TODO: 试下attention和CNN， charCNN

跑起来效果可以，接近BERT的效果。

#!/usr/bin/env python
# -*- coding: utf-8 -*-
# @Author  : qichun tang
# @Date    : 2021-01-06
# @Contact    : qichun.tang@bupt.edu.cn
import os

import pkuseg
import torch
from joblib import load, dump
from torch import nn
from torch.optim import Adam

from fastNLP import AccuracyMetric
from fastNLP import Const
from fastNLP import CrossEntropyLoss
from fastNLP import Trainer
from fastNLP.embeddings import StaticEmbedding
from fastNLP.io import ChnSentiCorpLoader, DataBundle
from fastNLP.io import ChnSentiCorpPipe
from fastNLP.io.pipe.utils import _indexize
from fastNLP.modules import LSTM

loader = ChnSentiCorpLoader()  # 初始化一个中文情感分类的loader
data_dir = loader.download()  # 这一行代码将自动下载数据到默认的缓存地址, 并将该地址返回
data_bundle = loader.load(data_dir)  # 这一行代码将从{data_dir}处读取数据至DataBundle
WORDS_SEQ_LEN = "words_seq_len"


class MyChnSentiCorpPipe(ChnSentiCorpPipe):
    def process(self, data_bundle: DataBundle):
        seg = pkuseg.pkuseg()
        data_bundle = super(MyChnSentiCorpPipe, self).process(data_bundle)
        data_bundle.apply_field(seg.cut, field_name=Const.RAW_CHAR, new_field_name=Const.INPUT)
        data_bundle.set_input(Const.INPUT)
        _indexize(data_bundle)
        for name, dataset in data_bundle.datasets.items():
            dataset.add_seq_len(Const.INPUT, new_field_name=WORDS_SEQ_LEN)
        data_bundle.set_input(WORDS_SEQ_LEN)
        return data_bundle


# 定义模型
class BiLSTMMaxPoolCls(nn.Module):
    def __init__(self, char_embed, word_embed, num_classes, hidden_size=400, num_layers=1, dropout=0.3):
        super().__init__()
        self.char_embed = char_embed
        self.word_embed = word_embed

        self.lstm1 = LSTM(self.char_embed.embedding_dim, hidden_size=hidden_size // 4, num_layers=num_layers,
                          batch_first=True, bidirectional=True)
        self.lstm2 = LSTM(self.word_embed.embedding_dim, hidden_size=hidden_size // 4, num_layers=num_layers,
                          batch_first=True, bidirectional=True)
        self.dropout_layer = nn.Dropout(dropout)
        self.fc = nn.Linear(hidden_size, num_classes)

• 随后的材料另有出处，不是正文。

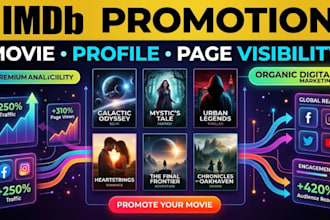 do organic imdb promotion to boost your movie starmeter rank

    def forward(self, chars, words, seq_len, words_seq_len):
        # 这里的名称必须和DataSet中相应的field对应，比如之前我们DataSet中有chars，这里就必须为chars
        # chars:[batch_size, max_len]
        # seq_len: [batch_size, ]
        chars = self.char_embed(chars)
        words = self.word_embed(words)
        outputs1, _ = self.lstm1(chars, seq_len)
        outputs2, _ = self.lstm2(words, words_seq_len)
        outputs1 = self.dropout_layer(outputs1)
        outputs2 = self.dropout_layer(outputs2)
        outputs1, _ = torch.max(outputs1, dim=1)
        outputs2, _ = torch.max(outputs2, dim=1)
        outputs = torch.cat([outputs1, outputs2], dim=1)
        outputs = self.fc(outputs)
        return {'pred': outputs}  # [batch_size,], 返回值必须是dict类型，且预测值的key建议设为pred


# 加载与处理数据
cache_name = "ChnSentiCorp.pkl"
if os.path.exists(cache_name):
    data_bundle = load(cache_name)
else:
    pipe = MyChnSentiCorpPipe(bigrams=False)
    data_bundle = pipe.process(data_bundle)  # 所有的Pipe都实现了process()方法，且输入输出都为DataBundle类型
    dump(data_bundle, cache_name)
# 初始化模型
char_embed = StaticEmbedding(data_bundle.get_vocab("chars"), model_dir_or_name='cn-char-fastnlp-100d')
word_embed = StaticEmbedding(data_bundle.get_vocab("words"),
                             model_dir_or_name='/media/tqc/doc/dataset/fastNLP/70000-small.txt')
model = BiLSTMMaxPoolCls(char_embed, word_embed, len(data_bundle.get_vocab('target')))
loss = CrossEntropyLoss()
optimizer = Adam(model.parameters(), lr=0.001)
metric = AccuracyMetric()
device = 0 if torch.cuda.is_available() else 'cpu'  # 如果有gpu的话在gpu上运行，训练速度会更快

trainer = Trainer(train_data=data_bundle.get_dataset('train'), model=model, loss=loss,
                  optimizer=optimizer, batch_size=32, dev_data=data_bundle.get_dataset('dev'),
                  metrics=metric, device=device)
trainer.train()  # 开始训练，训练完成之后默认会加载在dev上表现最好的模型

# 在测试集上测试一下模型的性能
from fastNLP import Tester

print("Performance on test is:")
tester = Tester(data=data_bundle.get_dataset('test'), model=model, metrics=metric, batch_size=64, device=device)
tester.test()